Scott Augustine, MD

The controversy over the safety of blowing-air devices like 3M’s Bair Hugger and Stryker’s Mistral Air now involves the Centers for Disease Control and Prevention (CDC). With more than 800 victims of orthopedic implant infections suing Bair Hugger in multi-district litigation centered in Minnesota’s federal district court, a CDC advisory committee has recently weighed in.

The minutes of Healthcare Infection Control Practices Advisory Committee (HICPAC) November 2015 meeting, although focused on heater-cooling units used in cardiac surgery, offered advice more broadly, urging, “It is important not to blow air in the operating theater,” and adding, “Nothing that blows air should be in an operating theater, if possible.”

HICPAC is a CDC committee that makes recommendations regarding infection control.

In March 2016, the CDC reiterated the message -- this time speaking specifically to healthcare facility purchasing departments. In a published recommendation, agency experts Michael Bell, MD, and M. Shannon Keckler, PhD, presented "Issues to consider for equipment used in high-risk locations, based on where they are used as well as who might be exposed,” specifically noting, “Air current generation: Devices that blow air should probably not be situated in high-risk locations.”

Although the CDC/HIPAC advice did not mention Bair Hugger or other forced-air warming (FAW) devices by name, the 3M device blows more than 40 cfm of air along with 950 watts of waste heat.

Products in the HotDog line offer an alternative to forced-air warming. (Image credit: HotDog)

The CDC-published Emerging Infectious Diseases Journal, while noting that research has not yet been done to definitely link FAW to specific infections, concluded, “Our evidence also highlights the risks associated with devices that generate airflows in the operating room and that were not part of the original operating room air management design.

"Until more detailed evidence is available regarding this issue…devices that generate drafts should be banned from the operating room.”

Critics of forced-air devices point to nine published studies corroborating the CDC’s conclusions and showing that the waste heat from FAW contaminates the sterile surgical field. For example,
peer-reviewed articles published in such journals as the American Journal of Infection Control, The Journal of Bone and Joint Surgery and Anesthesia & Analgesia have established that 2,000 times more contaminant particles were found in the air over the wound with FAW than with air-free conductive warming.

With forced-air warming, mean temperatures were significantly elevated over the surgical site, which made one study’s authors conclude, “Forced-air warming generates convection current activity in the vicinity of the surgical site.”

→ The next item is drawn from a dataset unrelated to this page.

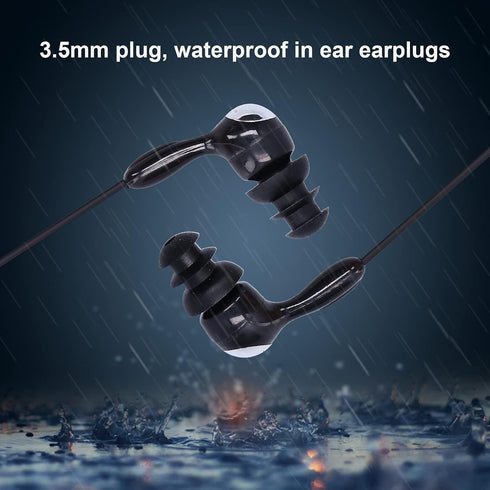 PUSOKEI Short Cord Waterproof Headphone, IP68 Waterproof Shortline in-Ear Tree Earplugs Waterproof Earphone Suitable Fit for Swimming Surfing Runn...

One of the studies, a retrospective review of 1,437 cases conducted in a U.K. orthopedic hospital, showed a 74 percent reduction in periprosthetic infections when FAW was discontinued in favor of air-free warming. A review article by Professor David Leaper, former Chair of the SSI Committee for The National Institute for Clinical Excellence (NICE) states, “We conclude that FAW does contaminate ultra-clean ventilation.”

Pathogenic contamination by convection currents is not FAW’s only problem. One study showed that micro-organisms were cultured from the internal air-flow paths of 100% of the forced-air blowers tested. Another showed that 100% of the blowers were emitting internally generated particles >0.3 μ m in size, up to 112,000 particles per ft3 of air -- 300 million particles per hour.

Despite the published research, 3M strenuously and consistently argues that the Bair Hugger technology is safe. In a recent company release, specifically positioned as a “Response to Misstatements in Lawsuits,” 3M makes their position clear.

“There are many factors that are known to increase the risk of surgical site infections, including having other medical conditions such as diabetes, high blood pressure or heart disease, being elderly or overweight, and smoking,” the release says. “There is absolutely no evidence that Bair Hugger warming therapy causes or increases the risk of surgical site infections.”

There’s also no question that temperature management is vital during surgery. Without some sort of warming system, patients are highly susceptible to complications, including SSIs that can have fatal outcomes. 3M is quick to note that the Bair Hugger is the industry standard for this task and has been safely utilized in millions of procedures.

Scott Augustine, MD, founded Augustine Temperature Management, LLC in 2005 and along with his team invented and developed HotDog warming. ATM is a subsidiary of ABD, formed to commercialize the HotDog technology.

A version of this article appeared in the November/December 2016 issue of Surgical Products.